J K Rowling and the trans furore

Yes, you have to sign a piece of paper in front of a magistrate. I’m so reassured. :roll_eyes:

I could totally hear Biden saying “Predatory men have always attacked women, so why are you worried about it getting worse just because now we say anyone can be a woman without any conditions, you dog-faced pony soldier you! C’mon, man!”

That wasn’t all, but I’m totally open to the possibility of a poorly written law. If so, hopefully someone will sue, and hopefully the law will be changed.
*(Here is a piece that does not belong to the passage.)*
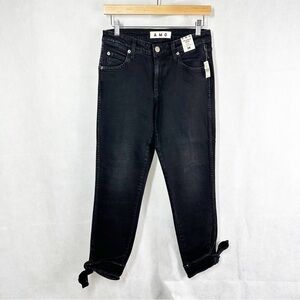 AMO Tie Ankle Jeans Size 26 Black Magic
Lol, that’s such a very American attitude. :wink:

Scotland was about to pass the same law as Ireland, that is why JKR was ‘triggered’. I don’t think you realise just how different the political climate is here in Europe. It was the right-wing party that legalised gay marriage in Britain. It was the same party that planned to bring in self-id to make changing your gender as easy as changing your legal name. Of course the more left-wing parties are all in favour of this too.
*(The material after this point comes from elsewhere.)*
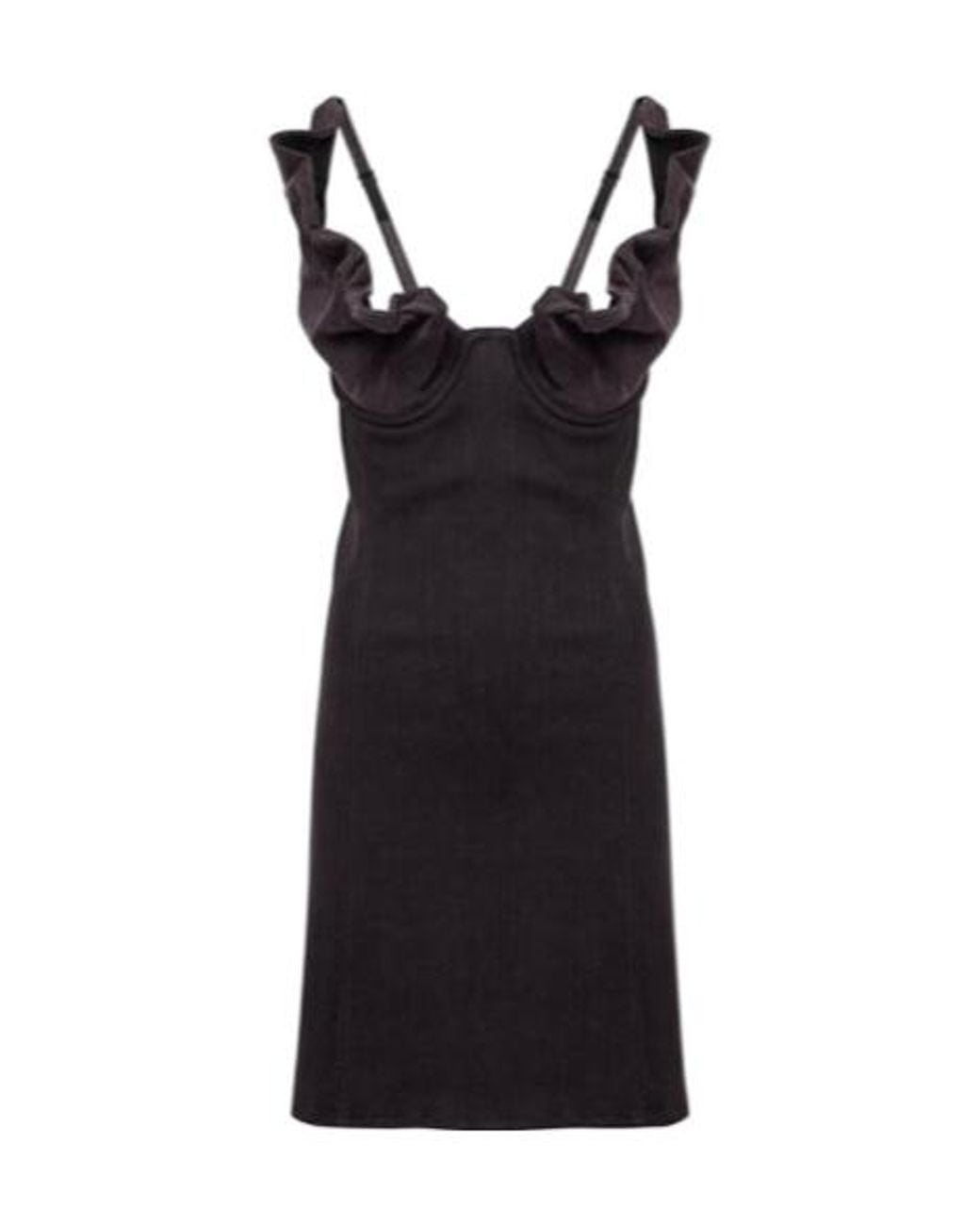 Y. Project Black Ruffled Denim Minidress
Trans people are already protected from discrimination in employment and housing, and get free treatment on the NHS (after being on a waiting list, but that is true for everyone). The things I am talking about are absolutely what they are campaigning for.
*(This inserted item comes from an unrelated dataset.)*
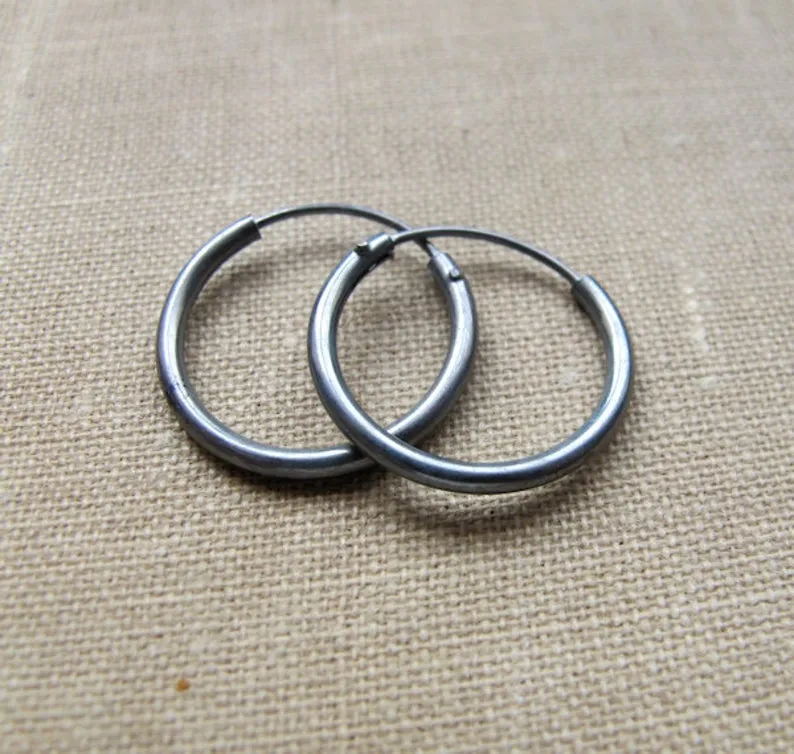 Big Hoop Earrings in Sterling Silver for Men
How about we actually listen to women who think we may be affected, and don’t force some poor person to suffer before we fix the obvious loopholes?

Thanks for the info about Europe, and I have no problem with the last paragraph, assuming this doesn’t preclude the possibility of disagreement and criticism.

The disagreement appears to me to be in the details. I think your characterization of trans activists and their allies is mostly wrong (I think you’re applying the views of nuts on Twitter to mainstream progressives). I think some of what JKR said is denigrating and erasing. Maybe some of the laws need to be revised. It’s still okay to disagree with and criticize some of what JKR said.

Sure, but I do feel you’re ignoring the substance of what she wrote in favour of criticising some minor issues with language. You don’t have to agree with someone’s philosophy to believe they have something useful to say on a subject.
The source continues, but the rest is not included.